Decreasing your blood pressure is also likely to promote a feeling of calm and control, letting you let go of stress more easily and feel centered when you’re connected to the earth. That’s all wonderful news for your physical health — but how does gardening improve mental health?
Reduce Your Stress
Stress has a lot of both short and long-term effects on the body, most of which are harmful. Taking the time to reduce your stress levels can work wonders for your mood, ability to handle challenges, ability to focus, and overall happiness. Just standing in your garden or outdoor space and taking deep, slow breaths of fresh, clean air can help you feel centered and connected to the world around you, cutting through the anxious chatter of your mind and calming you down.
With its beauty and simple, focused work, gardening can quickly become your refuge, just as much as any local beauty spa might. Often, spas will have a variety of plants inside to help bring in that natural vibe and boost their clients’ mood. Well, you can get just as much nature out in your own slice of the outdoors, complete with fresh air and sunshine.

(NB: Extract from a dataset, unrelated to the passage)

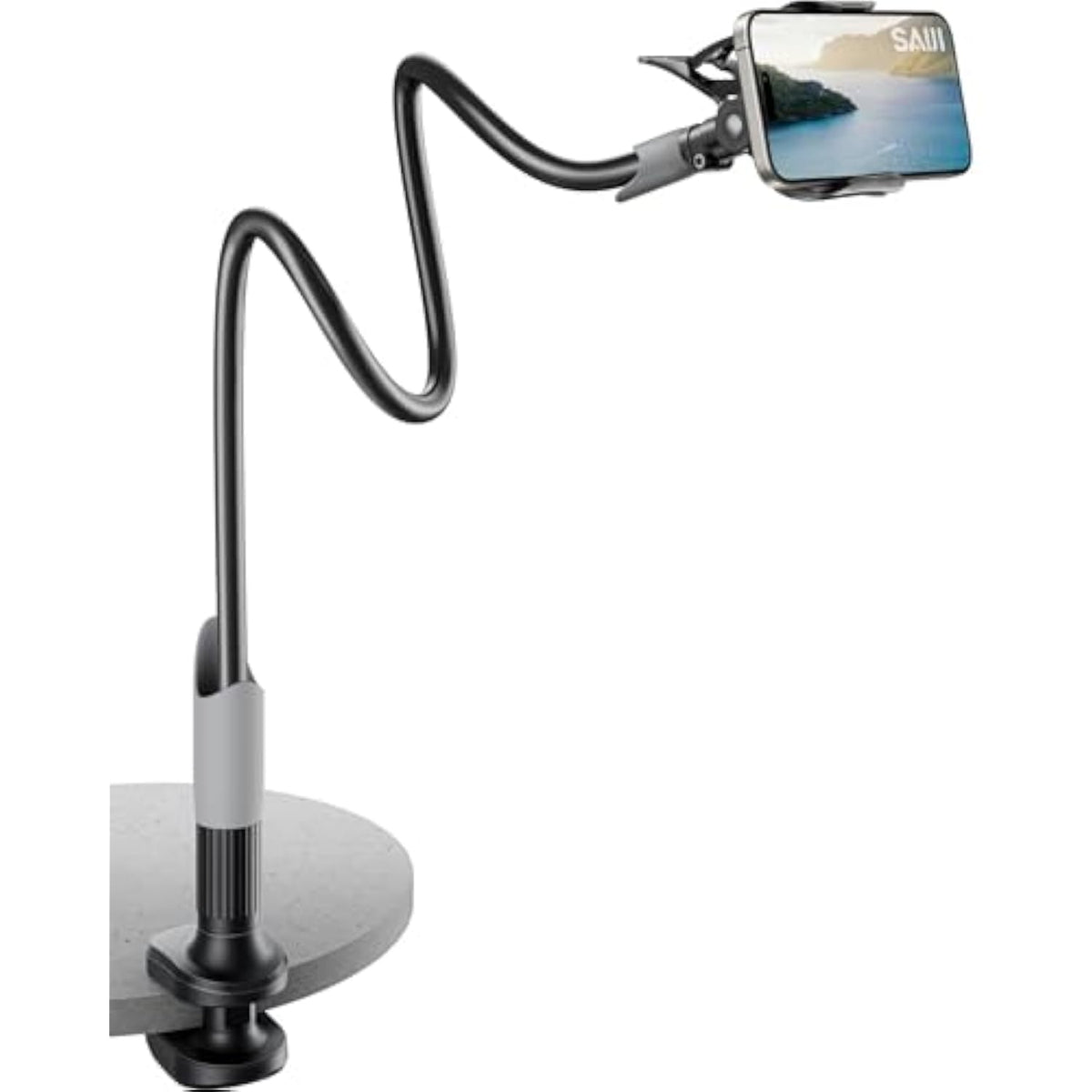 Gooseneck Bed Phone Holder, Flexible Long Arm Phone Mount For Desk, Clip Bracket Clamp Stand, Stand, Mobile Cell Phone Stand Document Camera Nintendo Switch (Black)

Increase Your Vitamin D Intake
Speaking of sunshine, Vitamin D is a vital vitamin for the human body. If someone has a vitamin D deficiency, they’re likely to experience depressed mood, fatigue, muscle weakness, and in extreme cases, thin and brittle bones. Vitamin D is made when our bodies absorb sunlight, so getting outside is the best remedy for low vitamin D.
Keep your gardening supplies in your garage for easy access when you need them. If your garage has become a storage shed, or you’re dealing with a broken garage door, searching for local garage door repair services should give you all the information you need to choose a company that’s right for your needs.
Develop a Growth Mindset
If you do what you’ve always done, you’ll have what you’ve always had. Developing a growth mindset is about always reaching for a more fulfilling life and trying to do better, for yourself and for those around you. Gardening helps you see this sort of mindset in action all around you, as seeds sprout up into small plants, then grow and blossom into something much larger and more beautiful than when they started.
That said, not all growth is something to encourage. If you find yourself playing host to unwanted guests such as aphids and pill bugs, it may be time to look into pest control options for your garden. There are a variety of ways you can go about pest control, both with and without harsh chemicals, so you can choose the best option for you and your plants.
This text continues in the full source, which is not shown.